1973 Interview

 

Interviews & Articles

 
 

 
 
by Michael Pierce

Brewer and Shipley are a downhome, city-transcended, folk duo into guitar, but moreover, into ballads with a relatively mellow rock counterbalance.  Presently living with wives and children on a farm outside Kansas City, their style in song and life is country living, especially after the city routine.  More than likely their music won't make you jump out of your seat and hit the ceiling, but in them is a message which should certainly be more enduring than typical rock jive.  Brewer and Shipley have become one of the first folk duets to make a hit in music since Simon & Garfunkel, and for some reason folk duos just hadn't been coming across until "One Toke Over The Line," "Tarkio Road", and Mike and Tom's versions of "Witchi Tai To," "The Light," "Oh Mommy," "Seems Like A Long Time," and "All Along The Watchtower."

Under the rising stigma of a "folk" label, these two young men have survived a classification which has almost become detrimental to artists in an era of nostalgic rock and roll.  So, how do you get it across?  You begin by bringing in the best people to help put you over, like having Nick "The Greek" Gravenites produce, Jerry Garcia on pedal steel and have Mark Naftalin and the Stone's Nicky Hopkins both work on keyboards, along with letting Bobby Jones pound out a beat.

Mike Brewer is out of Oklahoma City, born in 1944 and Tom Shipley comes from Mineral Ridge, Ohio, in 1942.  Mike had spent most of his early career into music with Tom Mastin for a while, recording an album on Columbia with him.  When Mastin left, Mike settled down as a contract writer for Good Sam Music, an affiliate of A&M Records.

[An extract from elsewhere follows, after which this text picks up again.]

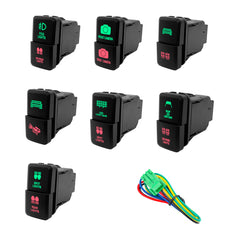 适用于丰田卡罗拉双控双按钮开关 12V Led绿红灯交替光配线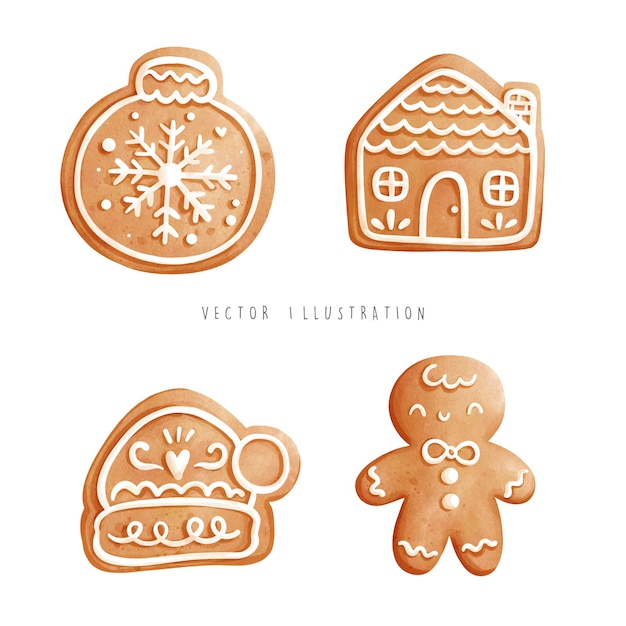 Vector gingerbread cookies christmas cookies vector illustration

Tom Shipley came out of "cowboy music," and a little trumpet playing.  After graduation from Baldwin Wallace College in Berea, Ohio, he began a job as house musician for a local club.  Dissatisfied, he left in 1967 for California and met Mike.  Mike recalls, "I already had a publishing arrangement with Good Sam, but Tom didn't, so he linked with me in my deal and after writing together for a year we decided to form a duo and perform our own material."

"Well, we just ran into each other at first," Tom recalls.  "We were both traveling around the doing the coffeehouse type thing.  You get in town one day and the other guy will be there.  In fact, a lot of our very close friends right now are people we met in transit as we crisscrossed the country.  Actually, Mike and I first met in Kent, Ohio, at a club called the Blind Owl."   But the combination for creating music didn't occur until they met again in Los Angeles.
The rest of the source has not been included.